━━━━━ Supplied data ━━━━━

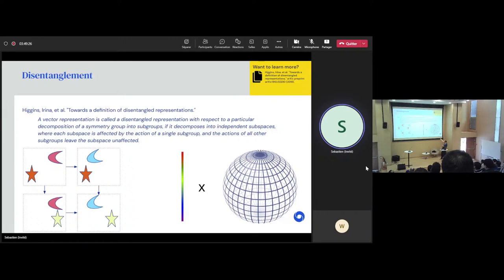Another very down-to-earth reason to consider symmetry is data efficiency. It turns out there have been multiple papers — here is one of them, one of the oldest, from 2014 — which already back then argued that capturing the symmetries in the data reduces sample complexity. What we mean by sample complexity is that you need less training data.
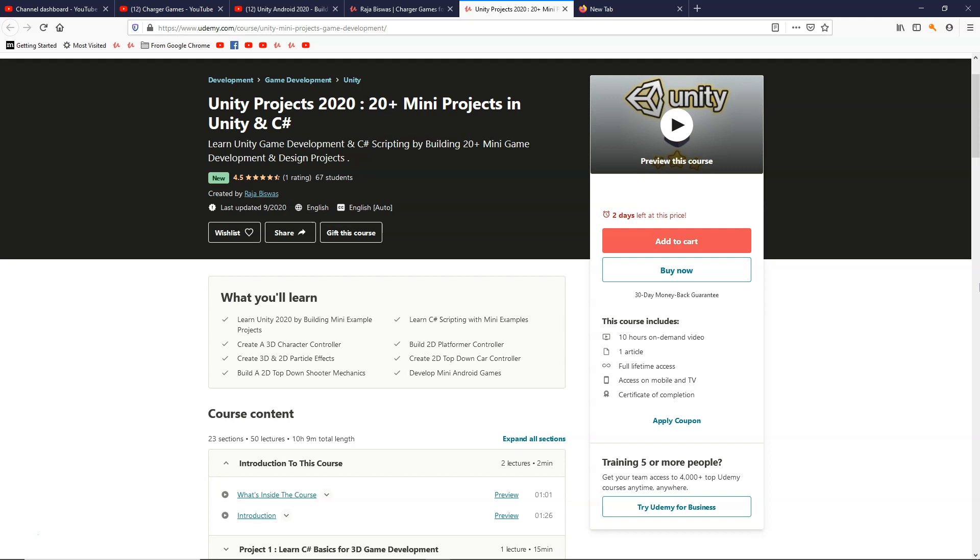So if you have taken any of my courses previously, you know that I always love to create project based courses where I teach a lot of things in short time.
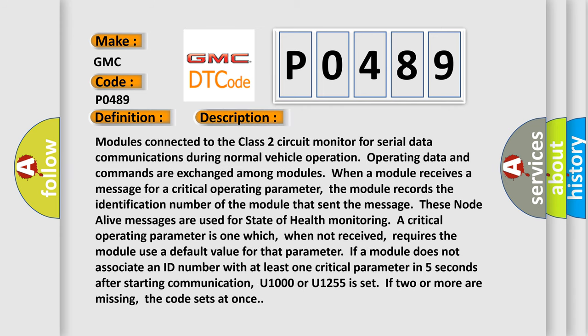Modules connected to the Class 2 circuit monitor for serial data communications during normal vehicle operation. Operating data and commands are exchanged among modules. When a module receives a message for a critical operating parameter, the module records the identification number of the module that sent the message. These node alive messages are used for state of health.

━━━━━
━━━━━ Supplied data ━━━━━

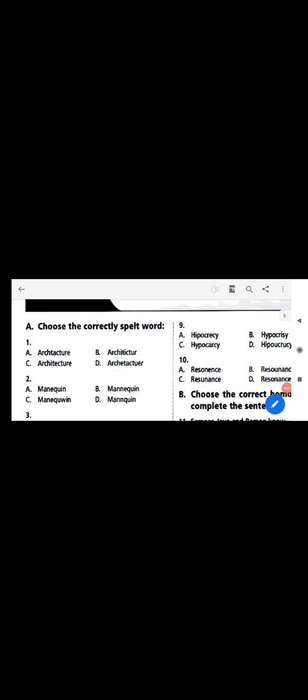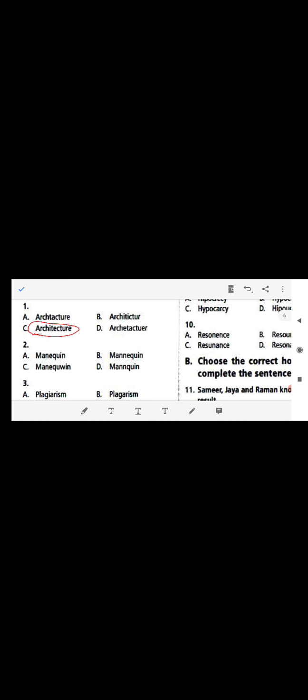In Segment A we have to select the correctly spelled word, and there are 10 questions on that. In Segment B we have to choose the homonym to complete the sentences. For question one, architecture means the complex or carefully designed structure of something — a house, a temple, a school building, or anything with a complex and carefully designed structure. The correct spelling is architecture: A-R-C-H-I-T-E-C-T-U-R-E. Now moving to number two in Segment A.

━━━━━

> **Task requirements**
Leaving pictures out, output the lines of the data above from the one with "So if you have" through the one with "Modules connected to", word for word.

> **Answer space**
So if you have taken any of my courses previously, you know that I always love to create project based courses where I teach a lot of things in short time.
Modules connected to the Class 2 circuit monitor for serial data communications during normal vehicle operation. Operating data and commands are exchanged among modules. When a module receives a message for a critical operating parameter, the module records the identification number of the module that sent the message. These node alive messages are used for state of health.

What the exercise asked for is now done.